I held on. I felt stupid. I listened to Jeannie ring up a sale in the background.

“Hal?”

“I'm here.”

“Where the heck are you?”

Could I tell her? I wanted to. I wanted someone to know where I breathed my last if it came to that.

“Operator? Operator?” No answer. “I'm on Kelleys Island.”

“Why?”

“That's a good question and a very long answer.”

“Are you in danger?”

“That's not why I called.”

“Answer me!”

“Could be, but it's not anything I can't handle. I just wanted you to know that...”

Jeannie put her hand over the mouthpiece, probably telling her husband that it was just a girlfriend calling to yak. I hoped she'd be quick, I'd been out communing with nature far too long.

When Jeannie came back on the line her voice was hushed. “Do you need to get out of there? Because the Sunday paper just had a write-up on Kelleys Island, the hardy folks there, the
year-rounders.”

“That's nice.”

“Listen to me! They have a taxi service that crosses the lake in old Model A's with the doors stripped off, you know, so they can bail out if they start to sink.”

“I don't think the ice is thick enough to cross.”

“They said there's a pathway from Marblehead, all marked out. They use tree branches for curbs.”

“You're kidding.”

“It was in the
paper.”

“I'll be damned.”

“Can you get away?”

“I don't see how.”

Jeannie paused a moment. “What if I come to you?”

I laughed. “That's nuts JJ.”

Jeannie placed her hand over the mouthpiece again. I waited. I looked out the window. A hulking figure was tracing my footsteps along the snowy bank, shotgun in hand. I had two minutes at most.

Jeannie came back on the line. “I'm coming out there,” she said, whispered,
hissed.
“I'm coming out there ‘cause you're too stupid to save your own hide and....let me finish...and...and because I owe you one.”

I hadn't thought of it in that way before but it made some sense. Jeannie and I were engaged when she up and married the first gink who asked her because she was ticked off that she didn't receive the love letters I was forbidden to send. She did owe me one.

“What about your husband?”

“What about him?”

“You'd have to leave right away.”

I waited. No objection. I continued.

“I'm in an old Victorian at the tip of a peninsula, northeast corner of the island,
northeast.
It's almost one now. What's Marblehead from Cleveland, two hours? Another hour across and, shit, I dunno, let's say five-thirty. There's a road to the
back of the house, a caved-in garage, but don't get that close. I'll wait for you there, the garage, five-thirty.

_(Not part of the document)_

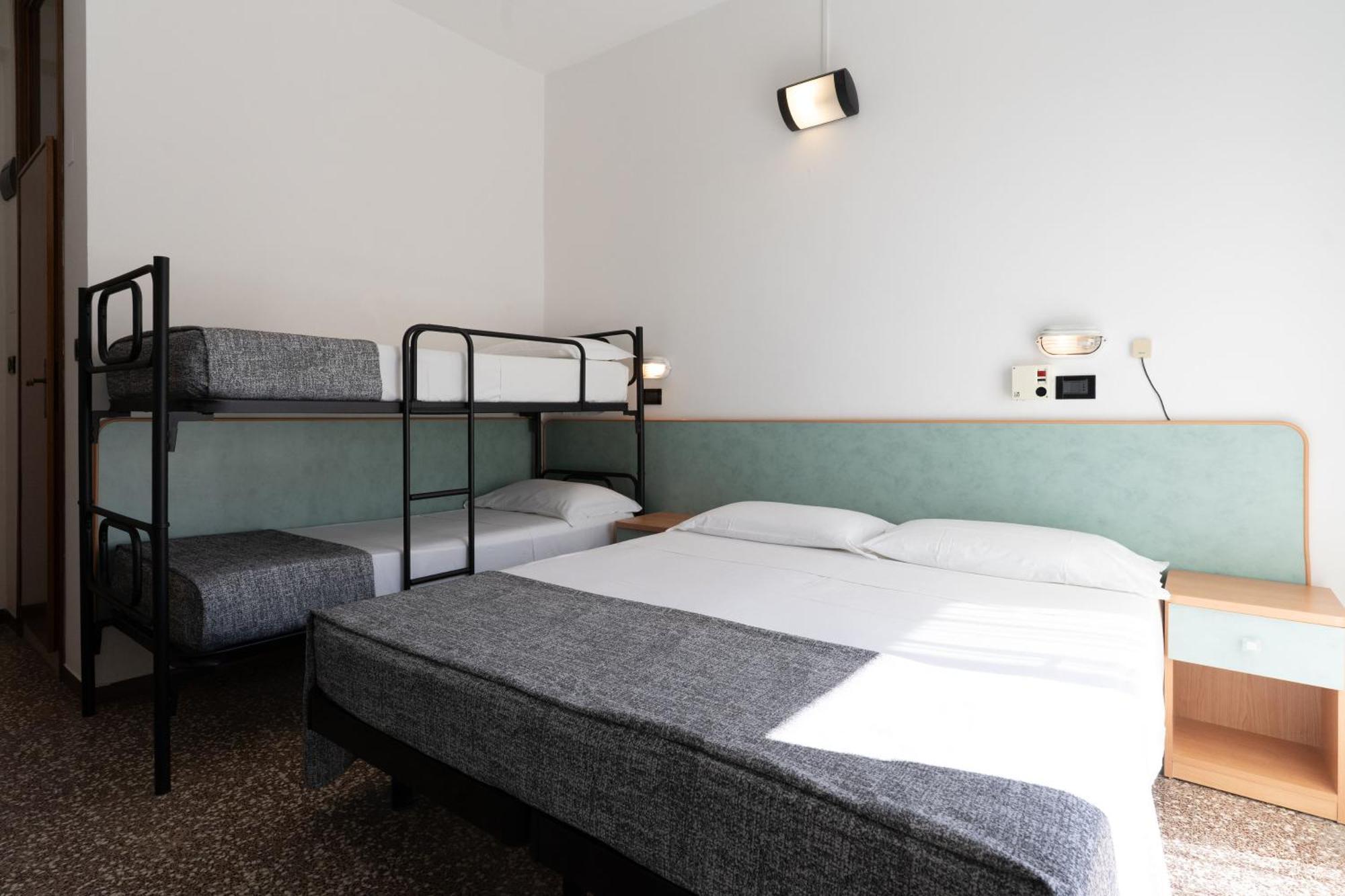 Classic Quadruple Room Side Sea View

If I'm not there,
go home
! Tell the driver you're…you'll think of something, I gotta go.”

A belch of static bounced down the line. I could almost feel Jimmy's hot breath on my neck but I held on.

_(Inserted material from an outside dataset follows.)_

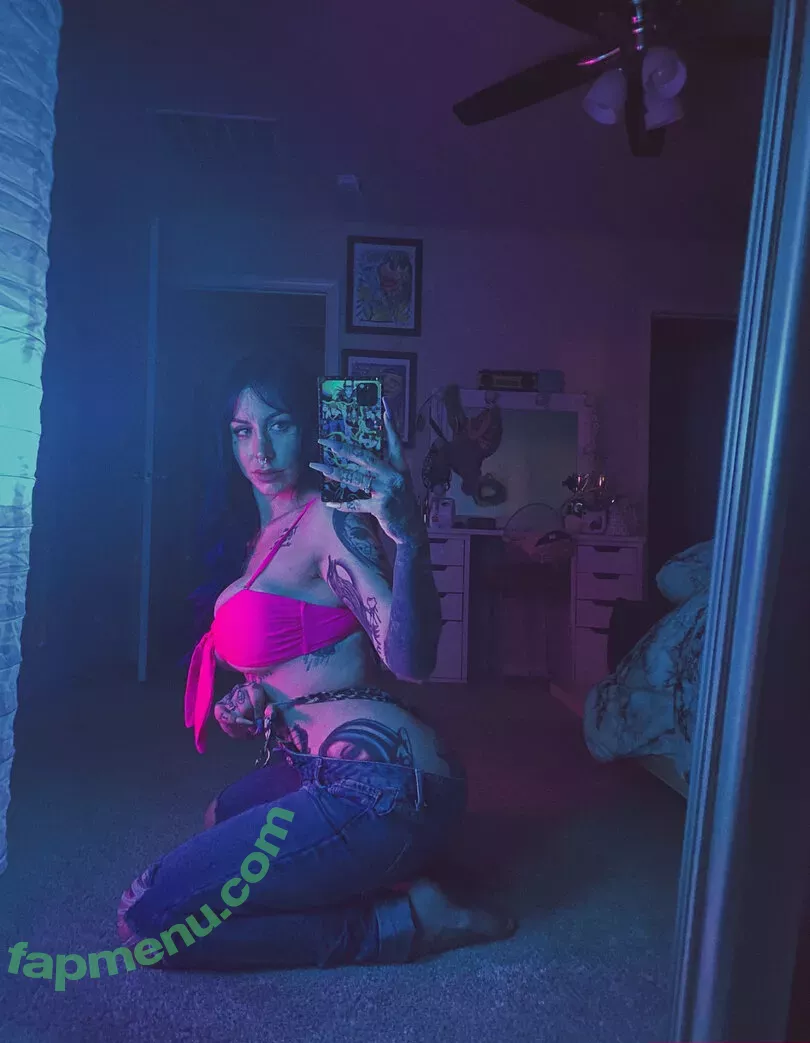 theonlinegirlfriend nude photo #0059 (wildaboutpineapple)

“Is that all?” said Jeannie, dryly.

“No. You might want to pack some sandals and a sarong.”

Dead silence. I had offended her.

Always with the wisecracks, Schroeder, when are you going to learn? It was probably just as well this time though, dragging JJ into this catastrophe was stupid and plain wrong. I was about to say so when Jeannie said “I'll see you at five-thirty” and rang off.

Well. Well now.

I lowered the telescope antenna from the opened window, closed the window, unhooked the battery from the transmitter, rewrapped the battery in the old newspapers and returned it and the radiotelephone to the cedar chest. I closed the lid and re-piled the crap on top.

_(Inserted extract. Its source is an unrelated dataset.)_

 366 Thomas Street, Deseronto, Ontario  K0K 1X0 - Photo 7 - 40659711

I closed the door to the small room and got behind the walnut bar. I ransacked the cabinets. I had seen some highball glasses somewhere…oh yeah, on the bar sill, right in front of me. I poured myself a double VO, set another highball glass on the bar, bit my drink and waited.

Jimmy dropped down through the back window a few moments later. “What's your pleasure?” I said in a jolly bartender voice.

Jimmy's good eye followed the muzzle of his sawed-off in the general direction of my head.

“I'm pouring Bacardi rum, Gilbey's gin, Seagram's VO and Chivas Regal.” Jimmy didn't indicate a preference. “Bacardi Dark it is,” I said and poured two fingers. “And put down that grouse musket. You're not gonna shoot me, not here.”